Here's what Brown said: "I'm flattered you're all so concerned about my vagina, but no means no."
Eve Ensler, the author of The Vagina Monologues told the Associated Press by phone,
If we ever knew deep in our hearts that the issue about abortion... was not really about fetuses and babies, but really men's terror of women's sexuality and power, I think it's fully evidenced here.
Ensler is hardly the first person to politicize a word. The late comedian George Carlin took on the "Seven Words You Can Never Say on Television" in 1972. He performed that routine at Summerfest in Milwaukee and was arrested for disturbing the peace. The broadcast of his monologue by radio station WBAI-FM led to a battle with the FCC that went all the way to the Supreme Court. The court sided with the FCC and this established the first (but certainly not the last -- think Janet Jackson's wardrobe malfunction) indecency regulation for American broadcasters.

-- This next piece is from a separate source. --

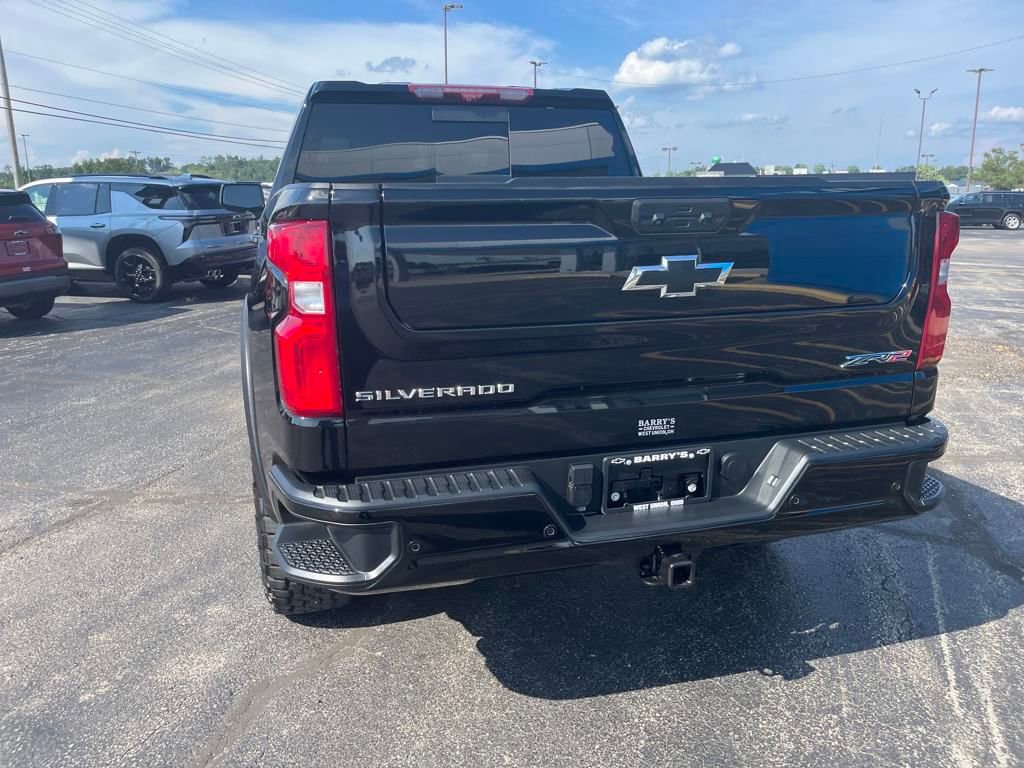 Used 2022 Chevrolet Silverado 1500 ZR2 w/ Technology Package image 4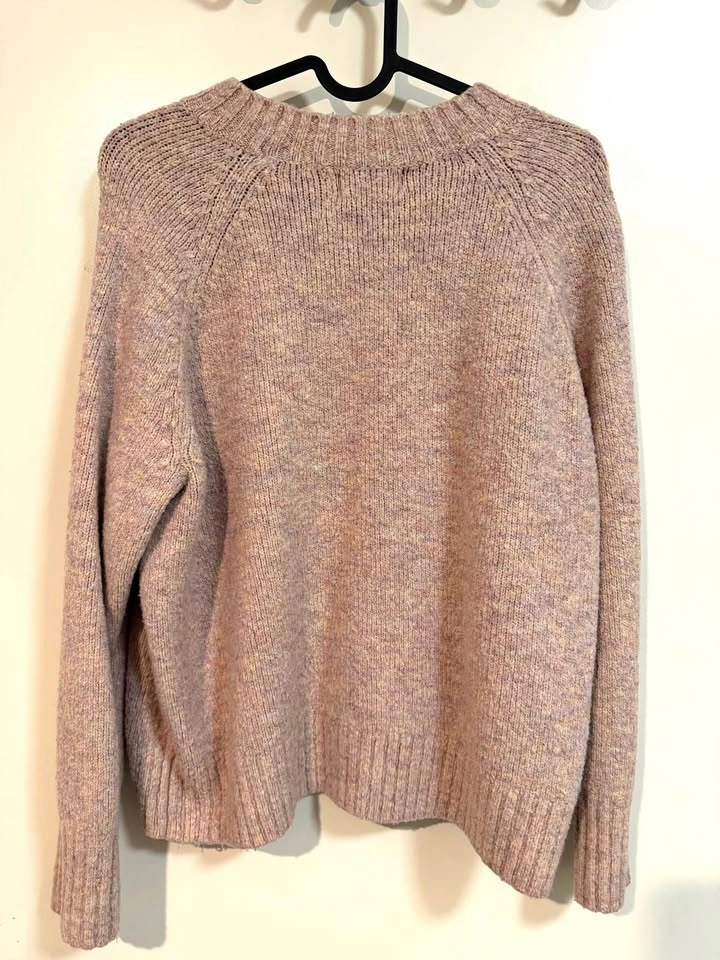 Old Navy Light Pink Sweater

In 2001 the television show South Park took on one of Carlin's words, "shit," and won. In an episode titled "It Hits the Fan," written by co-creator Trey Parker, the word shit or shitty is said, uncensored, 162 times. Groundbreaking at the time, the word is not common on television now but not verboten either.
With the 500-channel universe, other words on Carlin's list became fodder for television and even words most people would have added to the list then are now prominent. We have a network show titled Don't Trust The B--- in Apt. 23. And one from the same network titled GCB, which is named after the book titled Good Christian Bitches. According to Cindy Casares, a columnist for The Texas Observer, bitch went from being used on 103 primetime episodes in 1998 to being used on 685 shows in 2007.
As a feminist and a fan of TV, I am waiting for the day when we have equal opportunity offensive TV show titles such as The Bastard in the Apt Next Door or The Dick Down the Hall. Or maybe the various testicle festivals that run around the country each year can be televised (yes, Montana, Minnesota, D.C. and Illinois have them, and they are centered on eating, usually fried, animal testicles).
Of course there are some words that should never be broadcast -- the c-word and the n-word will always be offensive.
But lawmakers or anyone else who wants to gauge public tolerance for politically incorrect language just needs to turn on their television. It's all there in living, colorful language.